* _ACTION ITEM_:
Only the lines from the one containing "Baignoire Mexen Bilbao" through the last line of the data are to be written out, exactly and in full.

***

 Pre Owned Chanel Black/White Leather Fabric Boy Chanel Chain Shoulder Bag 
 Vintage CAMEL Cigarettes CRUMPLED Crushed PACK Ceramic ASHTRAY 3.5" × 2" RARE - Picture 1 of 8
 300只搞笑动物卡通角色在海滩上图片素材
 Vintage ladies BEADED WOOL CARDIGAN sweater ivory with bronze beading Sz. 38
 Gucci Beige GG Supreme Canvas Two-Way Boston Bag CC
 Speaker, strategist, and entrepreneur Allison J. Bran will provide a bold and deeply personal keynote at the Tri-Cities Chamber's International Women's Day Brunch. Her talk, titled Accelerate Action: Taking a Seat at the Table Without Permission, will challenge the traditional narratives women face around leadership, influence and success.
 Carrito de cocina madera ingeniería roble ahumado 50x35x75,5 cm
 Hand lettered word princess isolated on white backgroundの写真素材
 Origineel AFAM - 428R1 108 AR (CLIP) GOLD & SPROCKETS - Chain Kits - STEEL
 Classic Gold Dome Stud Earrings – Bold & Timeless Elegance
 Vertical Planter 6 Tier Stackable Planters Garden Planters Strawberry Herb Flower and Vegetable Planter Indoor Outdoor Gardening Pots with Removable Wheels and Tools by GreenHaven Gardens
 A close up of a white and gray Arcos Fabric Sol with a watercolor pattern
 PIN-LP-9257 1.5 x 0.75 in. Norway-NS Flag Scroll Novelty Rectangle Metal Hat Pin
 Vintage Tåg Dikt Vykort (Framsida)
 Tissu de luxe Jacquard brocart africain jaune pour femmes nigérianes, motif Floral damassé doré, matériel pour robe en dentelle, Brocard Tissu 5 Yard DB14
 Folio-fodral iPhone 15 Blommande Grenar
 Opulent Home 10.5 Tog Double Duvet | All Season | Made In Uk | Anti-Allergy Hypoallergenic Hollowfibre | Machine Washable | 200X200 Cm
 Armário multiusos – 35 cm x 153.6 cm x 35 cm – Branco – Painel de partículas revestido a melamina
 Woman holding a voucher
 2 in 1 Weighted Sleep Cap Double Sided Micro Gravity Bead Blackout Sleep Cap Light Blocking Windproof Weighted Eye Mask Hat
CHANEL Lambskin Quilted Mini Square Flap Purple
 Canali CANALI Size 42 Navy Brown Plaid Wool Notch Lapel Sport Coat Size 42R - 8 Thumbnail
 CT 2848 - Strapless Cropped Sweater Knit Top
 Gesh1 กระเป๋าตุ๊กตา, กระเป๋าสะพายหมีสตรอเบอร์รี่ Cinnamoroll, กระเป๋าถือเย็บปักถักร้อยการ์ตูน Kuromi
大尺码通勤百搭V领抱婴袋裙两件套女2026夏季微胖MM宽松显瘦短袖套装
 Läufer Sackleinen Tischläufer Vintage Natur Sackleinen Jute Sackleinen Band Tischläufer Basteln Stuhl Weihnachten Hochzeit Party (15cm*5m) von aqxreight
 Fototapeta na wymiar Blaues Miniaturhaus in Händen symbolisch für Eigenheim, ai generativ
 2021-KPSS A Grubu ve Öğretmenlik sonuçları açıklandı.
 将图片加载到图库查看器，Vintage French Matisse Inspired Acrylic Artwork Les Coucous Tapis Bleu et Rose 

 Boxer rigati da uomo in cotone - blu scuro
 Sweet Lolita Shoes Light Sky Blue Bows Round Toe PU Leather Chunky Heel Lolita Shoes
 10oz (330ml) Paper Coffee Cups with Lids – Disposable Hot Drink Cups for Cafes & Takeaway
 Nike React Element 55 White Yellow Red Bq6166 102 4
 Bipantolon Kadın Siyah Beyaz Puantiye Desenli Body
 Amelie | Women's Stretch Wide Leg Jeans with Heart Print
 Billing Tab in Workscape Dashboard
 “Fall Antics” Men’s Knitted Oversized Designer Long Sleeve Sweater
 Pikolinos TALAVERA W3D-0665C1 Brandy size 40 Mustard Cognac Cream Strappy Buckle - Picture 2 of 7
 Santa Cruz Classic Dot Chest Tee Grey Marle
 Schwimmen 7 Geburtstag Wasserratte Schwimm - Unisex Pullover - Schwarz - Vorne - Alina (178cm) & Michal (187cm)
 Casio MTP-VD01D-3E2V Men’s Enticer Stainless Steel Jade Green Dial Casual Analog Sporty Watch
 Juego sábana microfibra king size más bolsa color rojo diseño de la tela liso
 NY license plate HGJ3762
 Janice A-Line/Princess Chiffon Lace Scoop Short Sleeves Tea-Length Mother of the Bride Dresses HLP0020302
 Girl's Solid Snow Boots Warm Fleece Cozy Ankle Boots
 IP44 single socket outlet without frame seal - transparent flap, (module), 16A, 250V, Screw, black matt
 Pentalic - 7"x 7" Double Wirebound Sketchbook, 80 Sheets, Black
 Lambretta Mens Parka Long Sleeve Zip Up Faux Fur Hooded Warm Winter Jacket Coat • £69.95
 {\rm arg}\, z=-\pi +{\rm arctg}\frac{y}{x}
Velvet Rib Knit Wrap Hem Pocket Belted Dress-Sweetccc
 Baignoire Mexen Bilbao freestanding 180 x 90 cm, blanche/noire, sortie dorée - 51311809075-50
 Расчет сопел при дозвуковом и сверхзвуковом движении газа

***

* _SOLVED PROBLEM_:
 Baignoire Mexen Bilbao freestanding 180 x 90 cm, blanche/noire, sortie dorée - 51311809075-50
 Расчет сопел при дозвуковом и сверхзвуковом движении газа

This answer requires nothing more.